Supreme Court of New York, First Department

June 15, 2017

The People of the State of New York, Appellant,
Stephen Lewins, Defendant-Respondent.

          Cyrus R. Vance, Jr., District Attorney, New York (Yan Slavinskiy of counsel), for appellant.

          Law Office of Zachary Margulis-Ohnuma, New York (Zachary Margulis-Ohnuma of counsel), for respondent.

          Tom, J.P., Renwick, Manzanet-Daniels, Kapnick, JJ.

         Order, Supreme Court, New York County (Michael J. Obus, J.), entered on or about March 16, 2016, which granted defendant's CPL 30.30 motion to dismiss the indictment, unanimously reversed, on the law and the facts, the indictment reinstated, and the matter remanded for further proceedings.

         The period between January 24 and March 17, 2015, which is dispositive of defendant's speedy trial motion, should not have been charged to the People. Contrary to the court's conclusion, defense counsel clearly expressed consent to the exclusion of the relevant period in emails to the prosecutor on March 16 and 17, 2015.

         Defendant was charged with one count of second-degree unlawful surveillance by a felony complaint dated January 24, 2015, and was arraigned on the complaint the same day. Soon afterward, one of defendant's attorneys contacted the prosecutor to express defendant's interest in negotiating a plea.

         On March 16, 2015, the prosecutor emailed defendant's principal counsel and associate counsel to let them know that she was "considering making a non-felony offer in [defendant's] case if there are no additional crimes revealed on [defendant's] electronic devices." To facilitate plea negotiations, the prosecutor offered defendant an opportunity to participate in a proffer session and requested that defendant grant the People "permission to search" several electronic devices that had been seized from defendant to verify that he had not committed any additional crimes.

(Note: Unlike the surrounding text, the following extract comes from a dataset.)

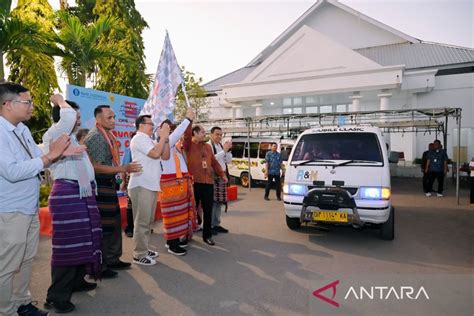 BI NTT Uji Coba Pembayaraan Gunakan QRIS Di Angkot ANTARA News Kupang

         The prosecutor stated that "consideration of any offer by the People must be accompanied by [defendant's] written waiver of all 30.30 time, " and that, if defendant was "not interested in an offer" or "not willing to waive 30.30 time, " the case would be "presented to the current Grand Jury." That same day, defense counsel responded with an email indicating that he had "spoken to [defendant], " who "consents to a search of his devices that were seized and... waives 30.30 in order to facilitate plea negotiations."

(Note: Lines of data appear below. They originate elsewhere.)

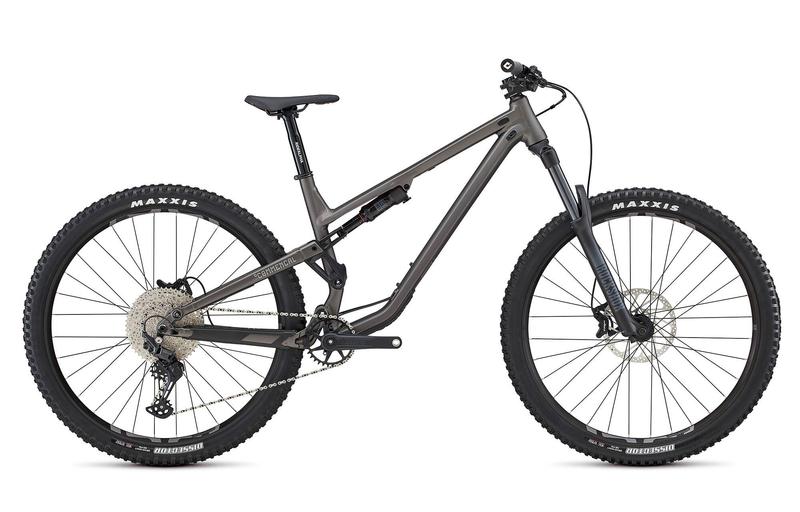 Commencal META TR V4 ORIGIN DARK SLATE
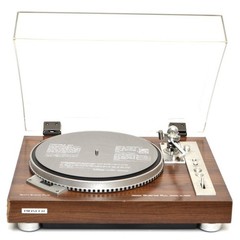 Pioneer XL-1550 Quartz PLL Direct Drive Turntable Vintage Tested Good GP
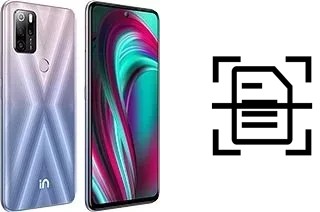 Digitalize documentos em um Micromax In 1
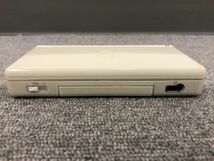 G375-CH3-832 Nintendo ニンテンドー DS ライト クリスタルホワイト USG-001 ゲーム機 漢検DSソフト付_画像7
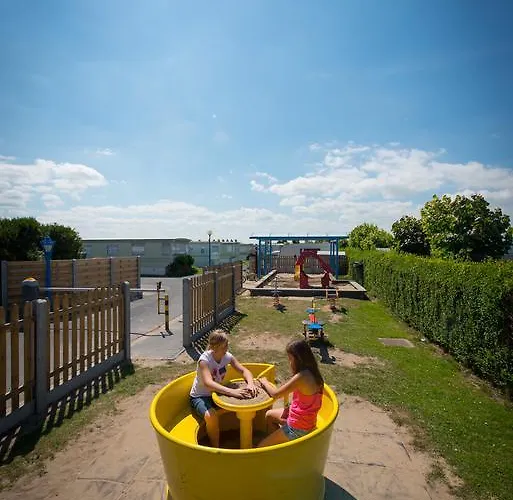 Holiday park Park Merlo *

         On the next day, March 17, 2015, the prosecutor sent a second email to defense counsel, in which she explained how a proffer session would work, provided defense counsel with a sample proffer agreement, and offered to draft the consent form for the search of defendant's electronic devices. The prosecutor then asked: "Are you waiving 30.30 from the arraignment date of Jan 24, 2015?" Defense counsel promptly responded, stating, "I'd be inclined to waive from today, but if you insist on 1/24 that's acceptable."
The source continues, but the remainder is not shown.